*** Recorded information Section Begins ***

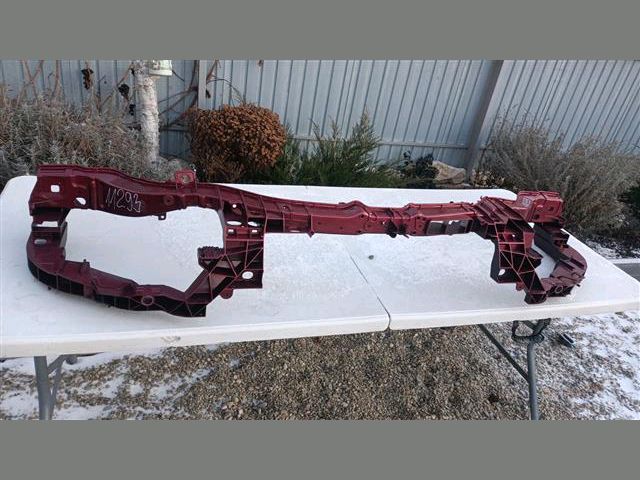 bontott FORD KUGA Vízhűtő Radiátor Tartó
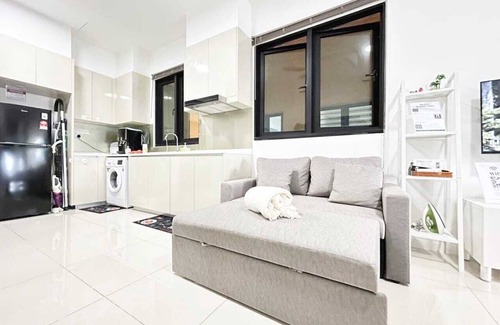 Taman Bukit Mewah Condo | Above Paradigm Mall JB, up to 5 Pax, 1BR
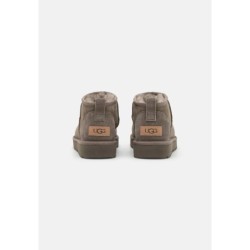 UGG CLASSIC ULTRA MINI Botines bajos smoke plume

*** Recorded information Section Ends ***

Work instructions:
A faithful copy of the data is required: each word kept, each picture omitted.

Completed exercise:
 bontott FORD KUGA Vízhűtő Radiátor Tartó
 Taman Bukit Mewah Condo | Above Paradigm Mall JB, up to 5 Pax, 1BR
 UGG CLASSIC ULTRA MINI Botines bajos smoke plume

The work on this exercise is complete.